Online learning with dynamics: A minimax perspective
- URL: http://arxiv.org/abs/2012.01705v1
- Date: Thu, 3 Dec 2020 05:06:08 GMT
- Title: Online learning with dynamics: A minimax perspective
- Authors: Kush Bhatia, Karthik Sridharan
- Abstract summary: We study the problem of online learning with dynamics, where a learner interacts with a stateful environment over multiple rounds.
Our main results provide sufficient conditions for online learnability for this setup with corresponding rates.
- Score: 25.427783092065546
- License: http://arxiv.org/licenses/nonexclusive-distrib/1.0/
- Abstract: We study the problem of online learning with dynamics, where a learner
interacts with a stateful environment over multiple rounds. In each round of
the interaction, the learner selects a policy to deploy and incurs a cost that
depends on both the chosen policy and current state of the world. The
state-evolution dynamics and the costs are allowed to be time-varying, in a
possibly adversarial way. In this setting, we study the problem of minimizing
policy regret and provide non-constructive upper bounds on the minimax rate for
the problem.
Our main results provide sufficient conditions for online learnability for
this setup with corresponding rates. The rates are characterized by 1) a
complexity term capturing the expressiveness of the underlying policy class
under the dynamics of state change, and 2) a dynamics stability term measuring
the deviation of the instantaneous loss from a certain counterfactual loss.

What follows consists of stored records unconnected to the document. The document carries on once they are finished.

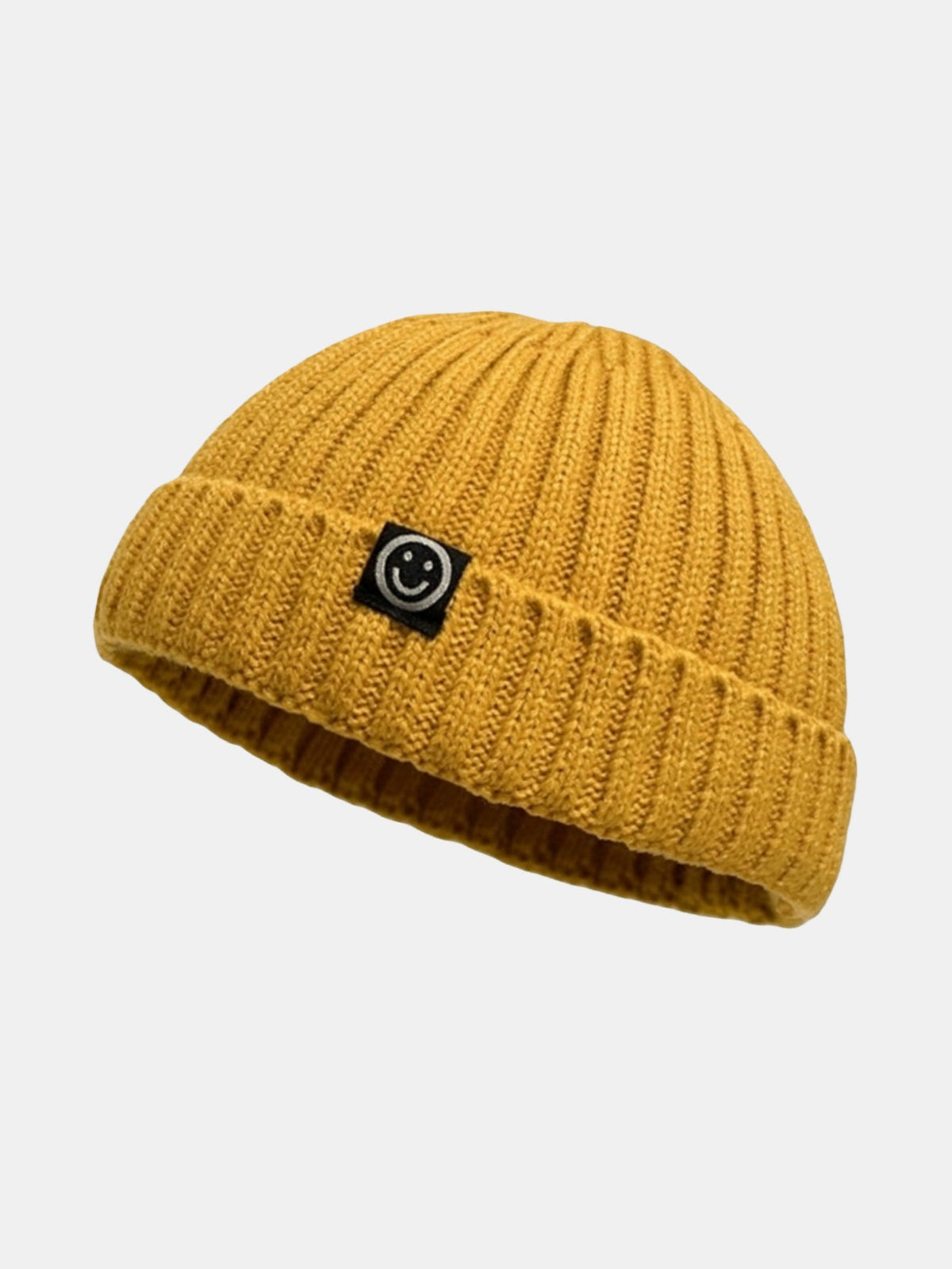 Gorro docker curto de tricô canelado com punho dobrado e etiqueta tecida de carinha sorridente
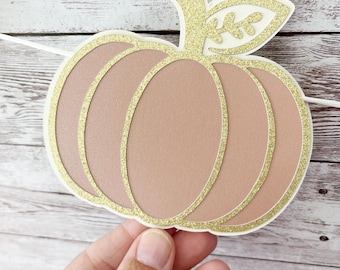 May include: A decorative pumpkin-shaped banner element. The pumpkin is a muted peach color with gold glitter accents outlining the shape and on the stem and leaf. The banner is held by a hand against a light wood background.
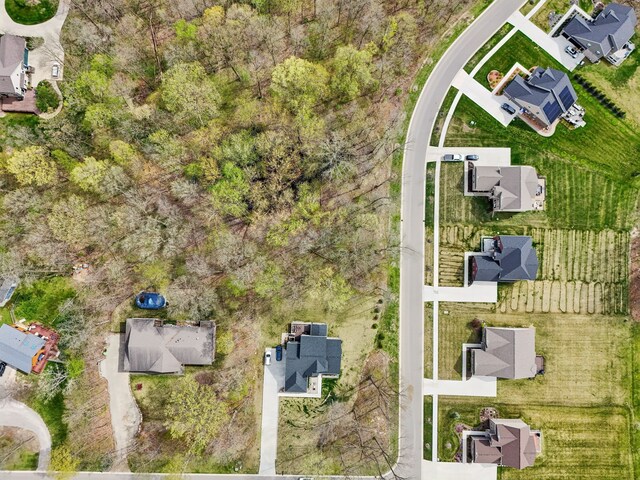 birds eye view of property with a residential view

Further, we provide matching lower bounds which show that both the complexity
terms are indeed necessary.
Our approach provides a unifying analysis that recovers regret bounds for
several well studied problems including online learning with memory, online
control of linear quadratic regulators, online Markov decision processes, and
tracking adversarial targets. In addition, we show how our tools help obtain
tight regret bounds for a new problems (with non-linear dynamics and non-convex
losses) for which such bounds were not known prior to our work.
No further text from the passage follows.